There are many signs these games are different. The way organisers LOCOG have integrated the Paralympics into every element of their planning. The incredible news around ticket sales. The way Channel 4, as host broadcaster, are scheduling over 400 hours of coverage over a range of dedicated channels. And the way that commercial sponsors of London 2012 have embraced the Games. Companies like BT, Sainsburys, Deloitte, EDF, P&G, BP, Cisco and BA have put Paralympians at the heart of their campaigns.
As we go into London 2012, expectations for the ParalympicsGB team are high and we have devoted more time, resource and energy to preparations than ever before. We’ve worked closely with athletes and their coaches to ensure every single member of the team is in the right physical and mental condition to perform on the biggest stage of all. Our ambition is to win more medals than ever before and maintain our second place in the medals table. It will be tough but we have a great team and I know the athletes will do themselves, and the nation, proud.

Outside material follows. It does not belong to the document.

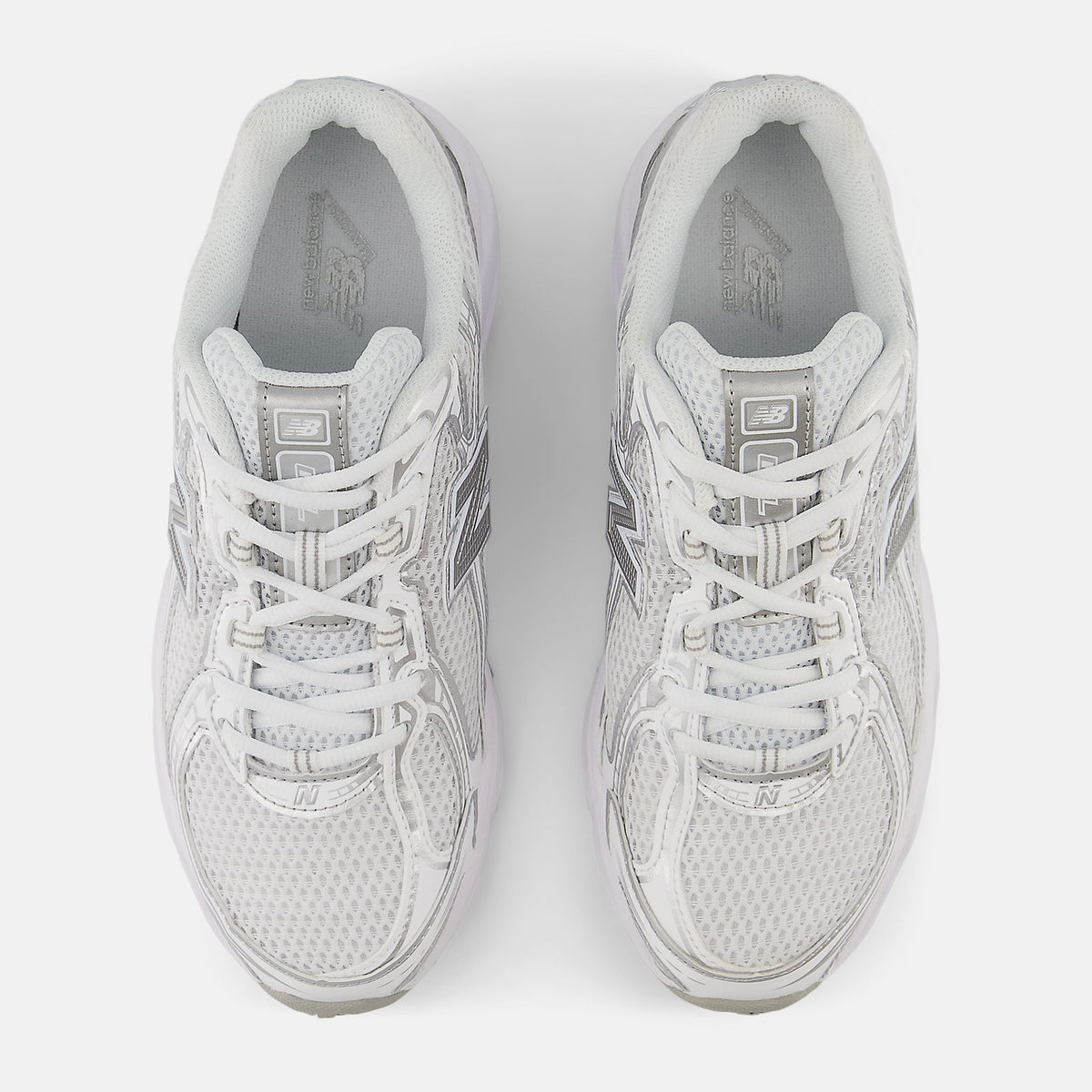 New Balance Unisex 740   -  White with Silver Metallic and Reflection  -  U740WM2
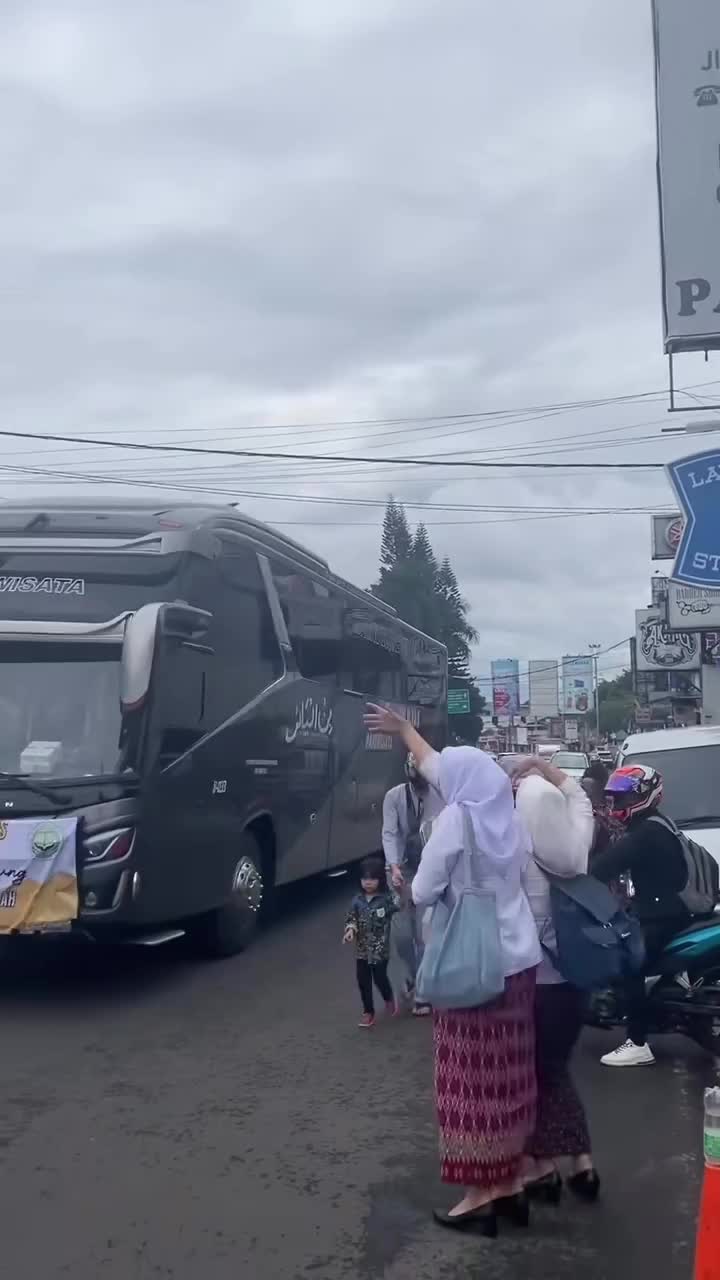 Kakaknya Bahagia Sekali Denger Telolet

The story of the Paralympic Games starts with the sport but shouldn’t end there. Our ambition – and those of our partners – goes further. More than almost anything else, Paralympic sport provides a positive challenge to perceptions. It drives you to focus on achievement, to consider what someone is able to do rather than what they are not.

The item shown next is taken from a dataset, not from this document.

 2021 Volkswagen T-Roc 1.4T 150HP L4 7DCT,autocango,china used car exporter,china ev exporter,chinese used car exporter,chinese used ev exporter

I think this can have profound impact and be the springboard to more and better opportunities, and be a means by which a very positive agenda can be put forward for disabled people. That is why, for all that it is a central word in the language of the Games, I don’t think we should be talking of a ‘legacy’ from the Paralympic Games. The word legacy suggests that you have reached your high water mark in terms of ambition and opportunity and are now seeking to find ways to sustain it.

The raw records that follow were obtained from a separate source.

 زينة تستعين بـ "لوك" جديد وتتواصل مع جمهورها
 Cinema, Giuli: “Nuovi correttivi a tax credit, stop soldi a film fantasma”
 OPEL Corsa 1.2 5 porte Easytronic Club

That is not the case for Paralympic sport. There should be more, and greater, things to come. So for me we should talk not of the legacy but of the ‘momentum’ from London 2012. What can we build as a result of the Games that will affect lasting improvement and change?
Over the next ten days, the focus will be on the sport and the excellence of the athletes. I hope and believe the nation will rise again in support of them and with the same fervour as we did in July. I hope and believe too that this can be captured and retained, and we can through sport, inspire a better world for disabled people.